● **About this task**:
Write out each entry below exactly. Do not include the images.

● **Stored data**:
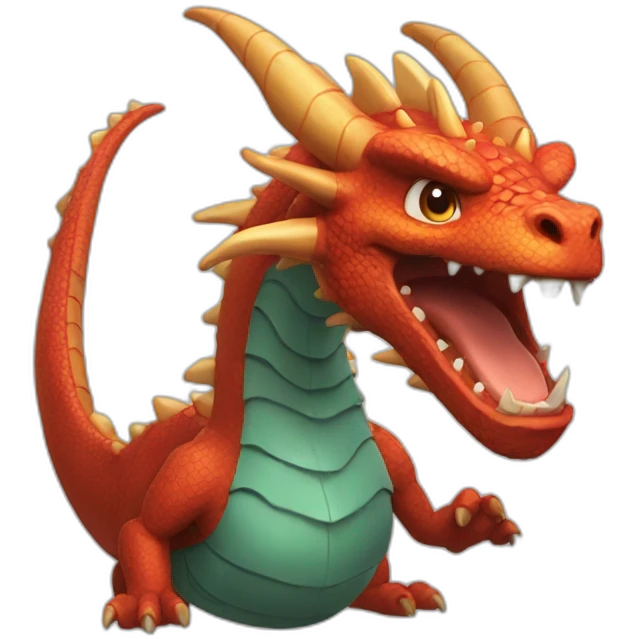 Dragon mechant emoji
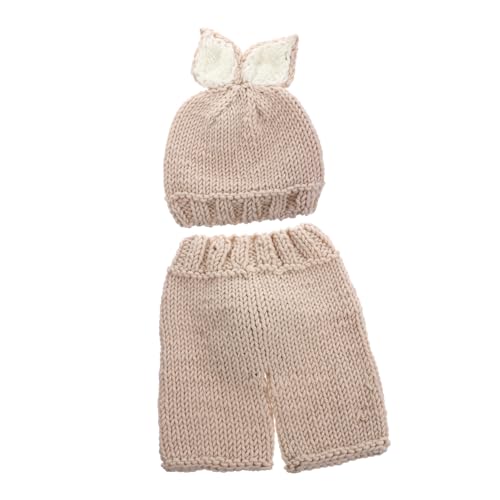 Holibanna Fotobekleidung für Kaninchen -Outfits neugeborene Kleidung Kindermütze für Mädchen Outfits für Babys gestrickte Babykleidung Babyfotografie Kostüm Acryl Beige Holibanna Fotobekleidung für Kaninchen -Outfits neugeborene Kleidung Kindermütze für Mädchen Outfits für Babys gestrickte Babykleidung Babyfotografie Kostüm Acryl Beige von Holibanna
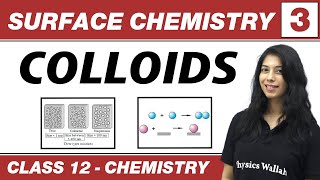 Surface Chemistry 03  Colloids  Class 12 NCERT [upl. by Ivens]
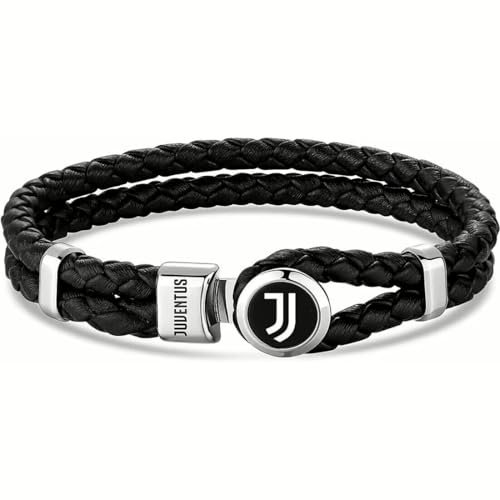 Lowell Armband aus geflochtenem Leder mit Erkennungsmarke Juventus FC B-JB010ULN, M, Kunstleder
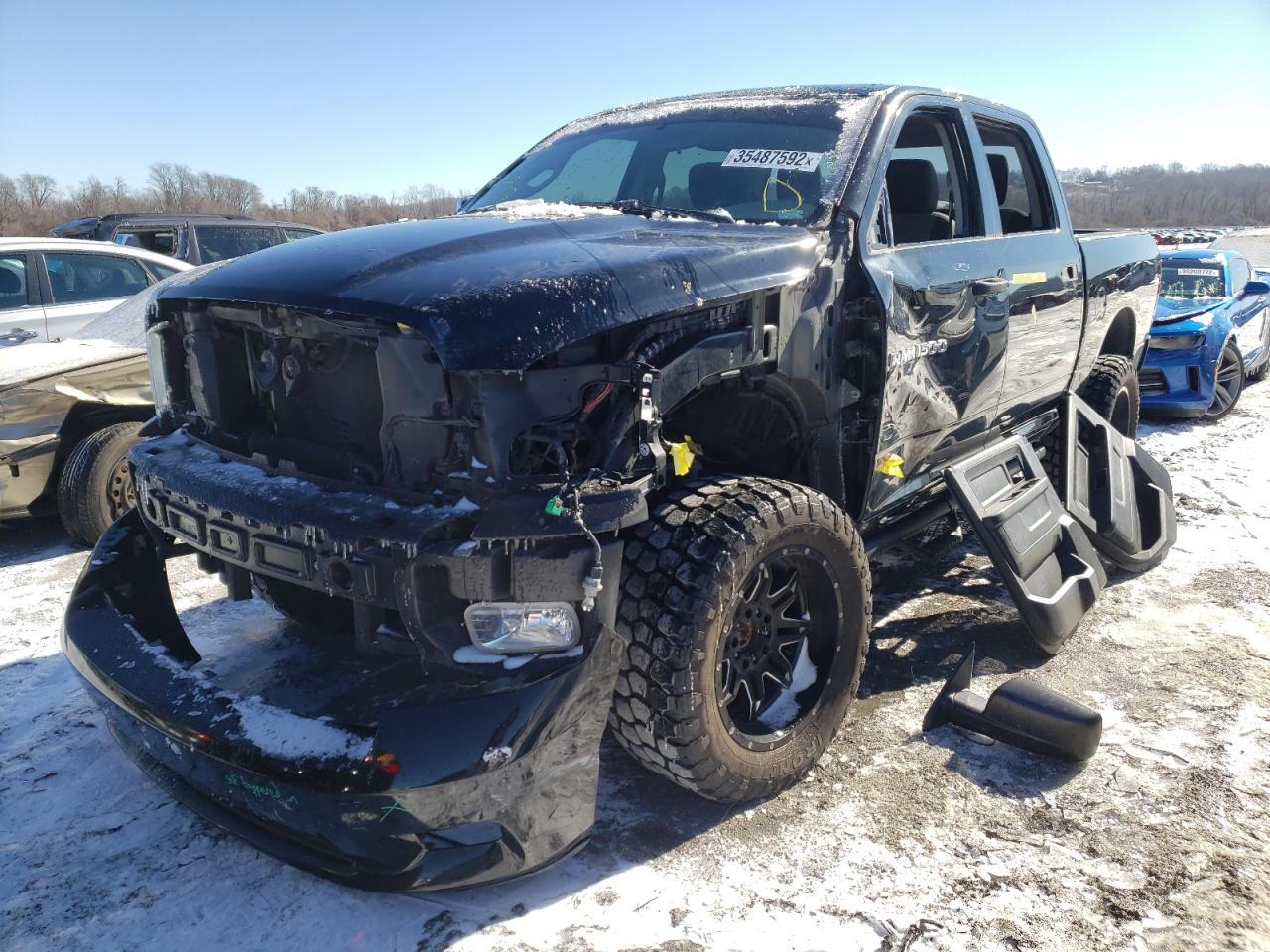 Photo 2 from auction – 2012 DODGE RAM 1500 S with VIN 1C6RD7KT8CS171879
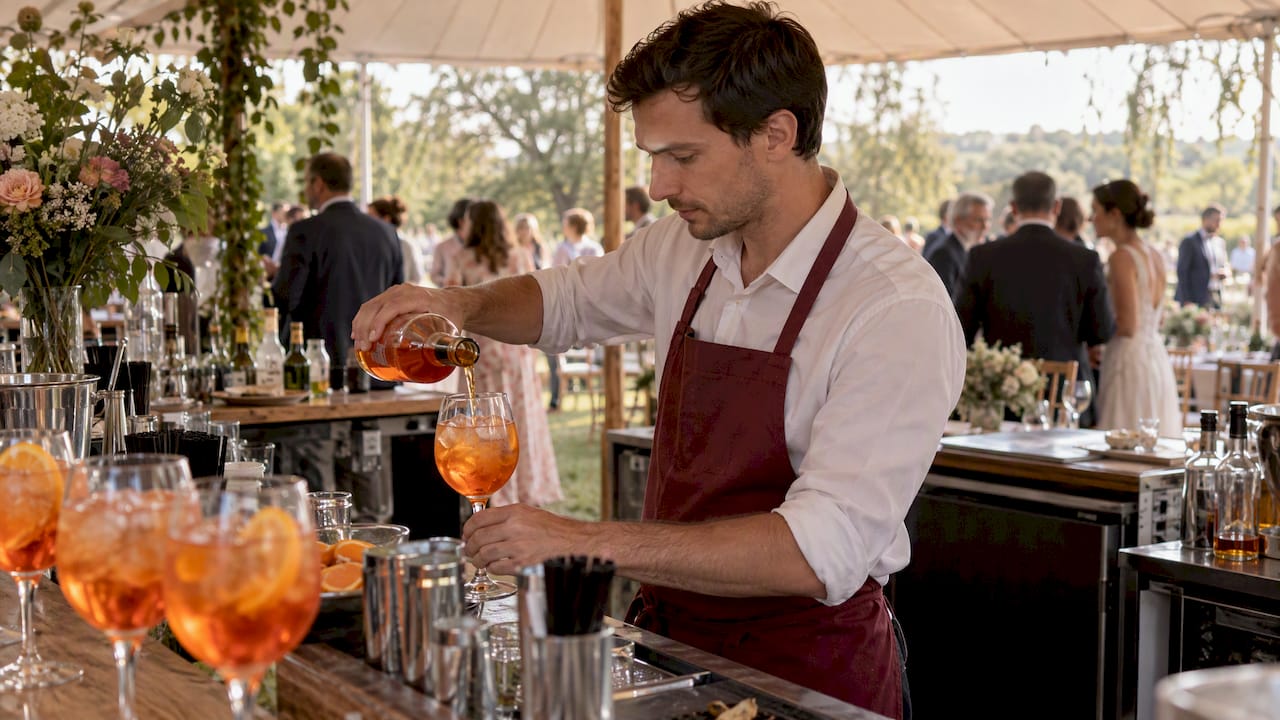 Spritz pour mariage : recettes, quantités et service réussi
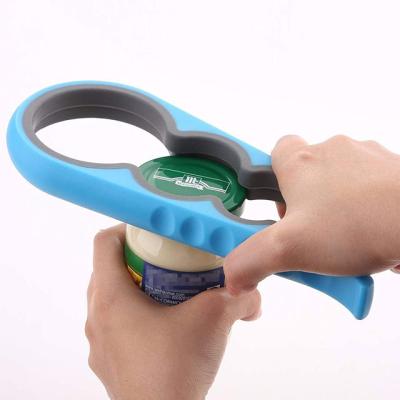 China Sustainable kitchen rubber can opener, non-slip suitable for small hands or the elderly for sale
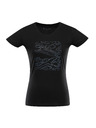 ALPINE PRO Damen-Schnelltrocknedes T-Shirt mit Cool Dry ALPINE PRO NEGA 2 black varianta pa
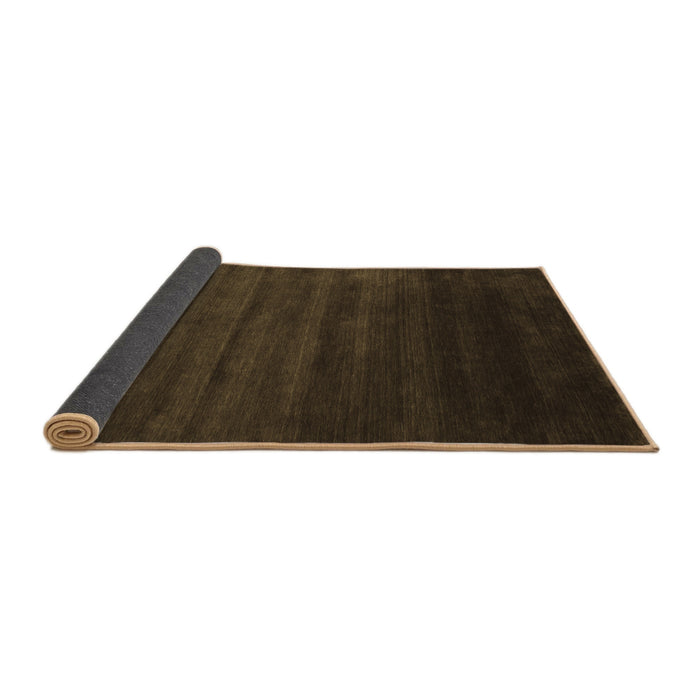 Sideview of Abstract Brown Contemporary Rug, con45brn
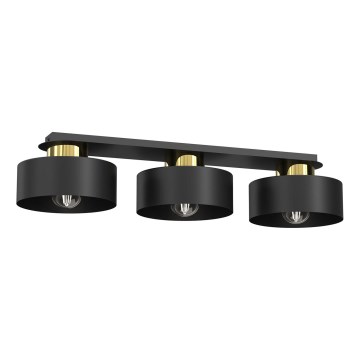 Plafondlamp MARTI 3xE27/15W/230V zwart/goud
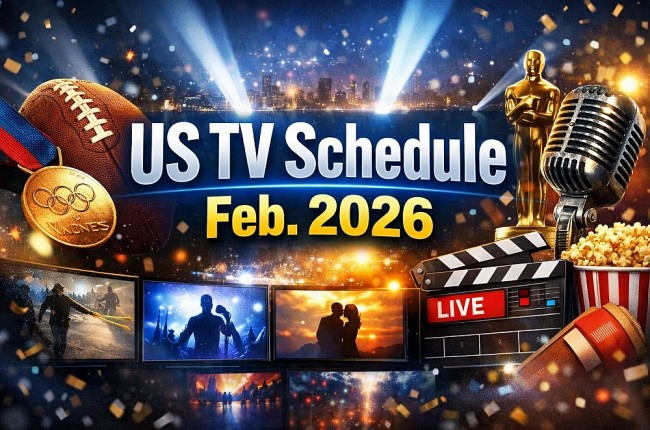 february 2026 us tv schedule every new and returning movie show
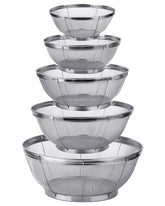 Tiawudi 6-quart extra-large strainer for fast pasta draining and veggie rinse.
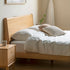 Humbie Natural Solid Oak Bed Frame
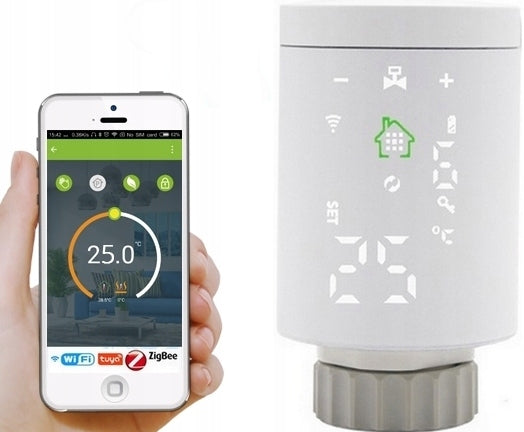 SMART HEAD THERMOSTAT TUYA ZIGBEE WIFI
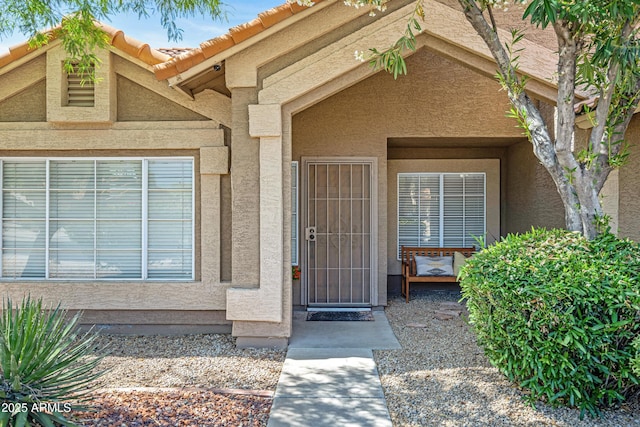 4131 E Cascalote Dr, Cave Creek, AZ 85331 - entrance to property with stucco siding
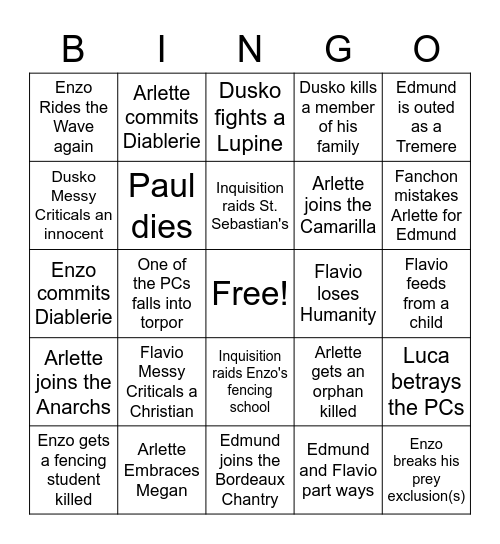 Timecube V5 PBP Interlude Bingo Card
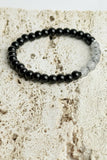 Men's Faux Leather & Beaded Bracelet Set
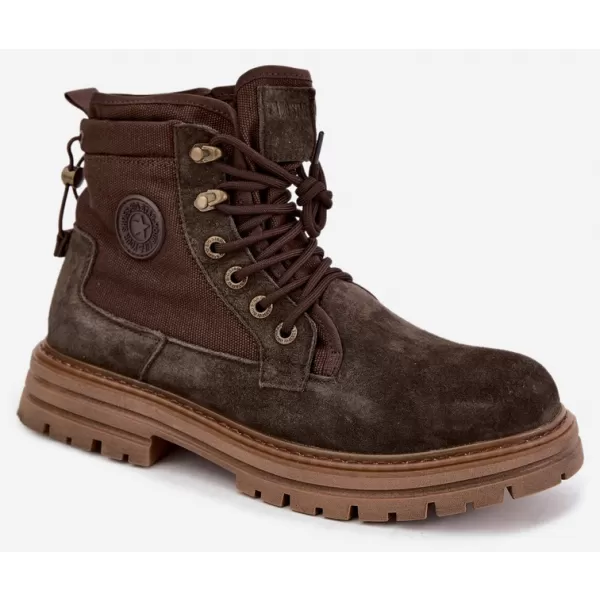  Moški čevlji BIG STAR SHOES UU174254 RJAVE/BEŽ SENCE 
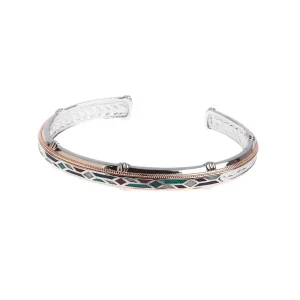 Montana Silversmiths Western Mosaic Cuff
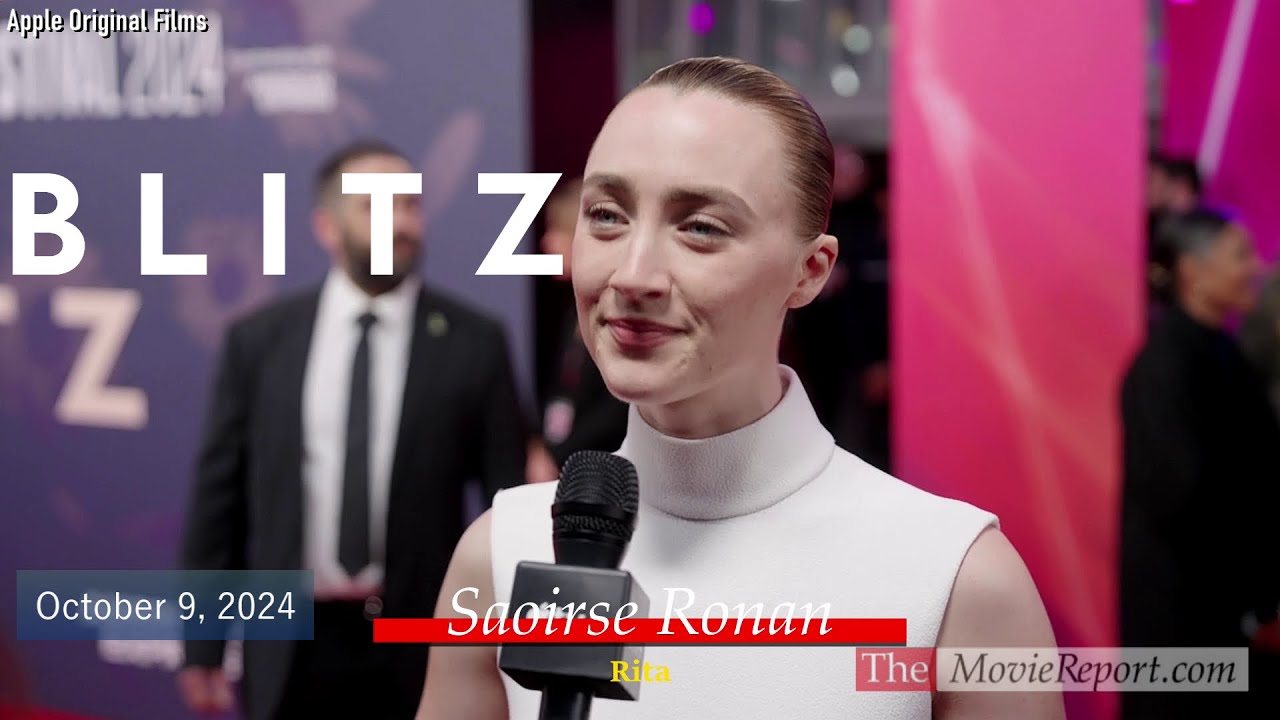 Saoirse Ronan BLITZ movie London premiere Harris Dickinson, Steve McQueen & cast - October 9,2024 4K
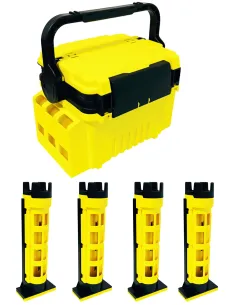 Kolpo valigetta con 4 porta canne Valigette da Pesca Kolpo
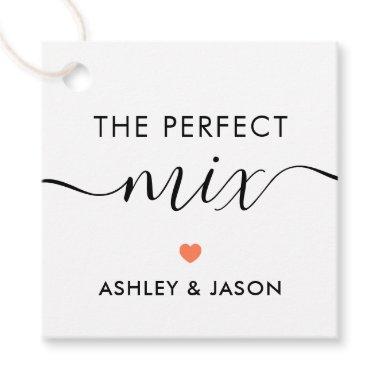 The Perfect Mix Spice or Trail Mix Gift Tag, Coral Favor Tags
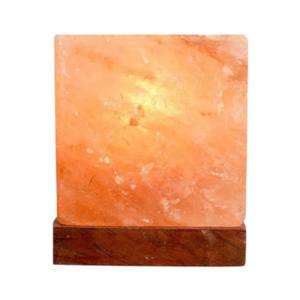 Himalayan Carved Unique <b>Pink</b> Salt Lamp with Patriotism Theme-Perfect Home Lighting and <b>Gifting</b> Choice by Sian Enterprises - Product Image 5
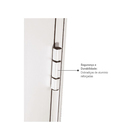 Porta Postigo de Giro Alumínio Pintado Branco 2,16x0,88m Lado Esquerdo Linha Alumifort Sasazaki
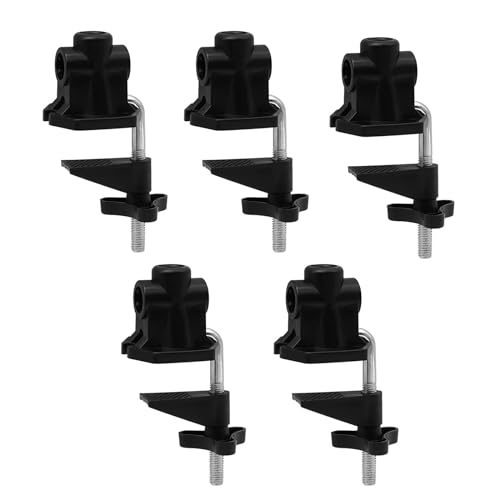 5 Stück C Klemme Schreibtischlampe Clip Montage Tischsockel Klemme für Schwingarm Licht Schwinge Arm Lampe von Vynetra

● **Result for this task**:
 Dragon mechant emoji
 Holibanna Fotobekleidung für Kaninchen -Outfits neugeborene Kleidung Kindermütze für Mädchen Outfits für Babys gestrickte Babykleidung Babyfotografie Kostüm Acryl Beige Holibanna Fotobekleidung für Kaninchen -Outfits neugeborene Kleidung Kindermütze für Mädchen Outfits für Babys gestrickte Babykleidung Babyfotografie Kostüm Acryl Beige von Holibanna
 Surface Chemistry 03  Colloids  Class 12 NCERT [upl. by Ivens]
 Lowell Armband aus geflochtenem Leder mit Erkennungsmarke Juventus FC B-JB010ULN, M, Kunstleder
 Photo 2 from auction – 2012 DODGE RAM 1500 S with VIN 1C6RD7KT8CS171879
 Spritz pour mariage : recettes, quantités et service réussi
 China Sustainable kitchen rubber can opener, non-slip suitable for small hands or the elderly for sale
 ALPINE PRO Damen-Schnelltrocknedes T-Shirt mit Cool Dry ALPINE PRO NEGA 2 black varianta pa
 Sideview of Abstract Brown Contemporary Rug, con45brn
 Plafondlamp MARTI 3xE27/15W/230V zwart/goud
 february 2026 us tv schedule every new and returning movie show
 Tiawudi 6-quart extra-large strainer for fast pasta draining and veggie rinse.
 Humbie Natural Solid Oak Bed Frame
 SMART HEAD THERMOSTAT TUYA ZIGBEE WIFI
 4131 E Cascalote Dr, Cave Creek, AZ 85331 - entrance to property with stucco siding
 Timecube V5 PBP Interlude Bingo Card
 Men's Faux Leather & Beaded Bracelet Set
  Moški čevlji BIG STAR SHOES UU174254 RJAVE/BEŽ SENCE 
 Montana Silversmiths Western Mosaic Cuff
 Saoirse Ronan BLITZ movie London premiere Harris Dickinson, Steve McQueen & cast - October 9,2024 4K
 Kolpo valigetta con 4 porta canne Valigette da Pesca Kolpo
 The Perfect Mix Spice or Trail Mix Gift Tag, Coral Favor Tags
 Himalayan Carved Unique <b>Pink</b> Salt Lamp with Patriotism Theme-Perfect Home Lighting and <b>Gifting</b> Choice by Sian Enterprises - Product Image 5
 Porta Postigo de Giro Alumínio Pintado Branco 2,16x0,88m Lado Esquerdo Linha Alumifort Sasazaki
 5 Stück C Klemme Schreibtischlampe Clip Montage Tischsockel Klemme für Schwingarm Licht Schwinge Arm Lampe von Vynetra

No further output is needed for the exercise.